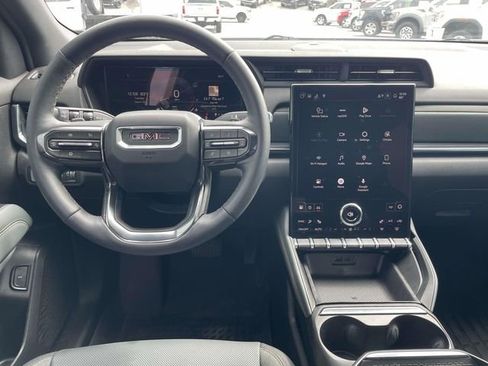 Used 2026 GMC Terrain AT4 image 13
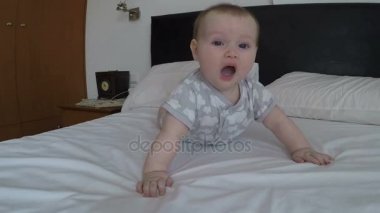 Dört ayak üzerinde duran küçük bir çocuk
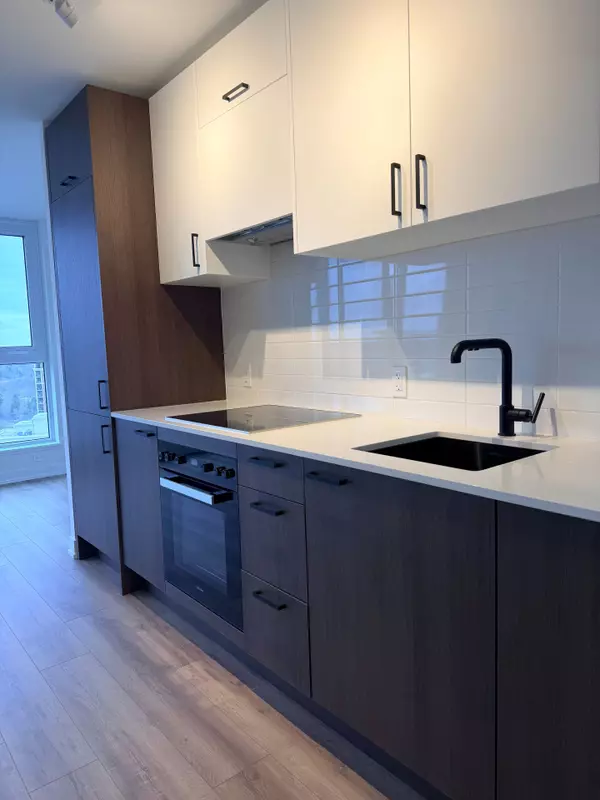 Toronto C13, ON M3C 1H7,1 Quarrington LN #2016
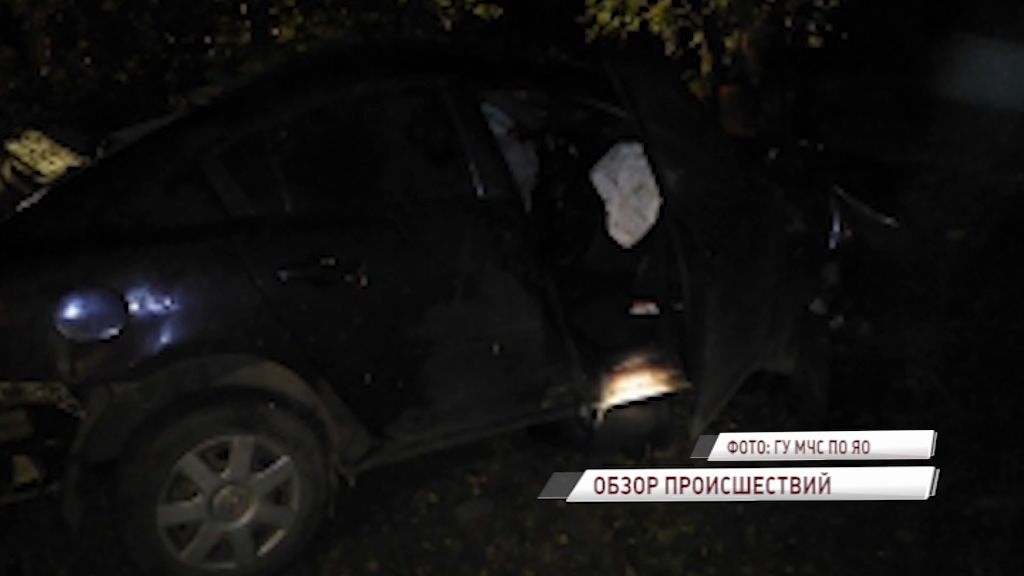 В Рыбинске перевернулась легковушка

*Task to complete*. Output the complete listing exactly. Pictures stay out.

*Task response*.
 Used 2026 GMC Terrain AT4 image 13
 Dört ayak üzerinde duran küçük bir çocuk
 Toronto C13, ON M3C 1H7,1 Quarrington LN #2016
 В Рыбинске перевернулась легковушка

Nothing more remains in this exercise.